What do you wish you could do more of during your work day?

  • Have to write RFCs and wish I could do more research and messing around
  • Keeping getting assigned to the rotation of doing “toil” work, or burning through tech debt. Wish I could do LESS of that.

What is DevSecOps? What is Compliance as Code? And how do they relate?

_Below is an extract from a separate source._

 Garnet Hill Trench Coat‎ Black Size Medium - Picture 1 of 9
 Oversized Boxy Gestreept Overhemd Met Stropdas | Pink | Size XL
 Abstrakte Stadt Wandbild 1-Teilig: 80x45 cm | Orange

  • Continuously improving your security mindset
  • Improve how you involve security in your process
  • Bake security into your CI
  • Architect the underlying platform so that certain things aren’t possible
    • Don’t expose certain ports
    • Don’t make public load balancers
    • Don’t allow DBs without a password
  • Twistlock for runtime vulnerability
  • HackerOne for security checks and bug bounties
  • Terraform sentinel
  • Open Policy Agent
  • If you do a security audit or pen test, should the results be shared with the whole team?
    • At least to an extent, but at a huge org, can you trust that every single person wouldn’t exploit something, or leak something?
  • Does your security team have definitions for what is actually secure? Or is it “I know it when I see it” kind of thing

How do you do config management?

  • Do you use Ansible? Do you do GitOps?
  • What is config management?
    • Usually a declarative manner of saying what is running on a server. What is installed, what files are present
    • Tools like:
      • Ansible
      • Chef
      • Puppet
      • AWS SSM
  • Whatever tool you go with, try to get a single tool for the whole org, so that things are standardized. Having it segmented across the org is a pain and makes things incompatible

Can we start with the simple solution please?

  • Spend a lot of time talking people down from really complex, over the top solutions. Why do people not want to start simple?
  • “Perfection is achieved, not when there is nothing more to add, but when there is nothing left to take away” - Antoine de Saint-Exupery
  • Does the team have so much time that they can spend all their time working on these complex problems?